Friday, April 27, 2007

 

Are Universities Learning From the Virginia Tech Massacre

After the Virginia Tech massacre, we heard lots of discussion on campus safety, response times and notifying students of threats. How well are universities responding to this harsh lesson? If you take the example of the University of Cincinnati this week, the answer is "not very well."

On Monday, April 23, a 38 year old graduate student at the University of Cincinnati threatened to "outdo the massacre at Virginia Tech..."
"If you think Virginia Tech was something, wait till I come up there," Karsten Taylor allegedly told a UC adviser in a phone call Monday, according to a complaint filed in Hamilton County Municipal Court.

UC police arrested Taylor on Wednesday.
The adviser reported the incident Monday.
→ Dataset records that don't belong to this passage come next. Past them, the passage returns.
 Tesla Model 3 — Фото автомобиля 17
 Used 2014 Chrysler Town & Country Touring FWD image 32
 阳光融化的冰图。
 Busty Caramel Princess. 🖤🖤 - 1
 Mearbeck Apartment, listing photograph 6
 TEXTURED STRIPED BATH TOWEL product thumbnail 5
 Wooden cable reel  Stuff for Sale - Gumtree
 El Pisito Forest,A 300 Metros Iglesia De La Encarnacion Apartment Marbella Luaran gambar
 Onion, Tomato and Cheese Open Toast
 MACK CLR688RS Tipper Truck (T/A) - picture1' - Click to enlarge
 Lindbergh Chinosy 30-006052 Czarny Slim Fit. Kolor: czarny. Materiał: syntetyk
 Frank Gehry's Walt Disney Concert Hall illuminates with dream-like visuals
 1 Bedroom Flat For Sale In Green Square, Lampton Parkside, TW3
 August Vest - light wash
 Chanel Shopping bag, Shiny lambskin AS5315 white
UC police waited for Taylor to show up for a 10 a.m. class Wednesday - but when he didn't, they tracked him to an off-campus location and arrested him, Patterson said.
The incident was reported Monday. No arrest until Wednesday.

It appears the UC police made no serious attempt to locate Mr. Taylor until Wednesday. Their first attempt consisted of a lame, we'll just catch him when he comes to class.

When Mr. Taylor didn't show for class, the UC police finally decided to actually go out and find him, which they apparently did with little trouble. But there was somewhere between a day and a half and two days between the time of being informed of the incident and actually apprehending Mr. Taylor. Pretty poor.

What about notifying the students? The university's performance was not any better.
Charges were not filed until Wednesday, the same day that students were notified by e-mail that threats had been made on campus.
The threats were made Monday. Students were not notified until Wednesday. I sent an email to the student newspaper at UC and they responded that the notification was sent out Wednesday morning, April 25, shortly after 9:00 AM.

So much for informing students quickly.

Fortunately, probably less than 1 threat of this type in a 1000 actually reaches fruition. But, if universities are going to get serious about campus safety, they're going to have to get serious about campus safety.

Comments:
Exactly why I have no desire to rely on The Administration for any part of my safety.

The more people exercise their rights to carry concealed firearms, the safer people will be. What fool -- even semi-suicidal -- is going to start something when it's likely there's someone with 9mm nearby?!

Remeber that armed students at Appalachian School of Law in Grundy, Virginia, subdued a shooter in 2002.

It's key to note that as soon as Mikael Gross and Tracy Bridges aimed pistols at the shooter, he dropped his weapon.
 
put MORE buns in the hands of potentially dangerous students, who may have the same problems as the virginia tech shooter, then more people will use them, more cross fire, and who else will be shot.

cho just ticked a box saying he had no mental problem. is that good enough.

oh look give all students guns, and the nutters will have more guns, and kill all, maybe by sniper, or sarin gas,

yes more guns in the hands of potential nutters, potential mass murderers, is the answer.
 
I have to go with father of four, which I am also. Those nuts can get guns, knives, etc. already. My children deserve the right to protect themselves from those nuts.

My oldest son will probably go to UC next year. They have problems besides crazy students. Local hoods prey on the students also. One student was shot by a local drug dealer recently because the student wouldn't let the dealer use his cellphone. Fortunately, the student's injuries weren't serious.